Repeat exactly the lines below from the line that contains "Hanging Kokedama Workshop" to the last line, inclusive, without the pictures.

----- Data shown

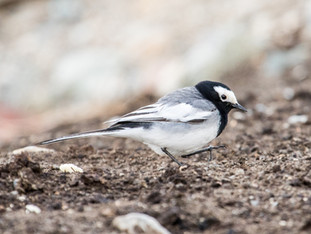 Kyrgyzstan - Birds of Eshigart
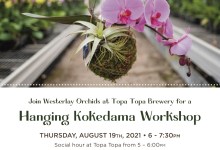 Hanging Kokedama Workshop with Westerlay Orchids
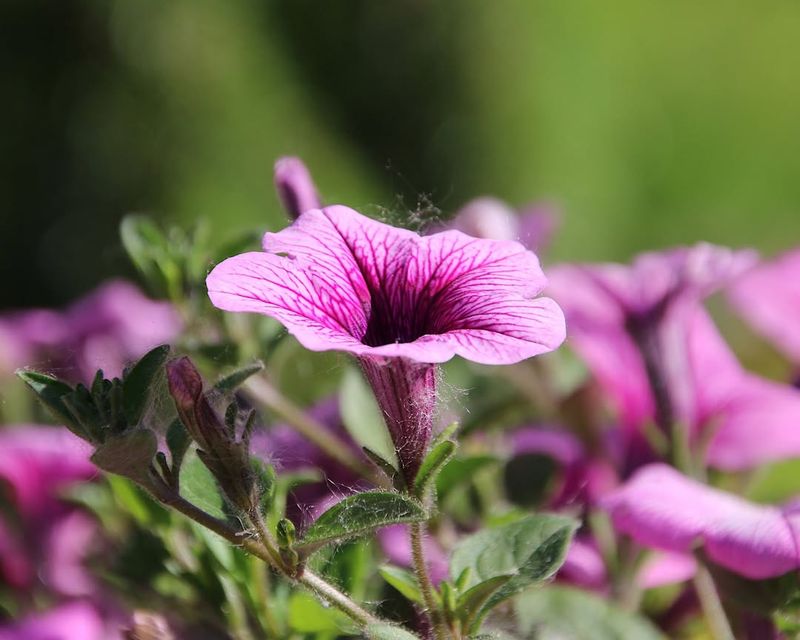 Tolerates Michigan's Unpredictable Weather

----------

• _The completed task_:
 Hanging Kokedama Workshop with Westerlay Orchids
 Tolerates Michigan's Unpredictable Weather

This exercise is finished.